Public Assets Institute > Policy Areas > Family Economic Security > Prospects improve for some—not all—Vermont workers

Prospects improve for some—not all—Vermont workers

The Vermont labor force grew for the sixth straight month in May. This followed declines during almost all of 2018. The growing labor force has helped push down Vermont’s unemployment rate to 2.1 percent, the lowest in the country now and the record low for Vermont since state-specific data began being tracked in 1976.





Uneven job growth
Vermont saw a net gain of only about 500 private sector jobs in 2018—a 0.2 percent increase. The growth was uneven, according to 2018 jobs-by-county numbers released this month by the U.S. Bureau of Labor Statistics (BLS). Private employers in Chittenden and surrounding counties added more than 500 positions last year. But in Windham County, in the southeast corner of the state, the private sector lost 467 jobs.

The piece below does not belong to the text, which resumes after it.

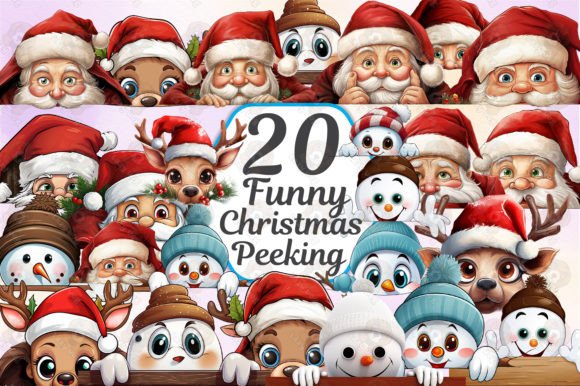 Funny Christmas Peeking Clipart PNG: Festive Illustrations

The BLS counts jobs based on where the employers are, not where the employees live.

Lagging wages
A third of Vermont’s private sector jobs are located in Chittenden County, which also has the highest wages. Chittenden, therefore, has a big influence on the state’s average annual wage. Still, workers in 11 of Vermont’s 14 counties earned an annual wage below the state average last year. And the gap between Chittenden and most other counties grew. Chittenden’s average annual private sector wage increased by almost $2,000, or 3.8 percent, in 2018. Only Lamoille and Addison recorded higher growth rates.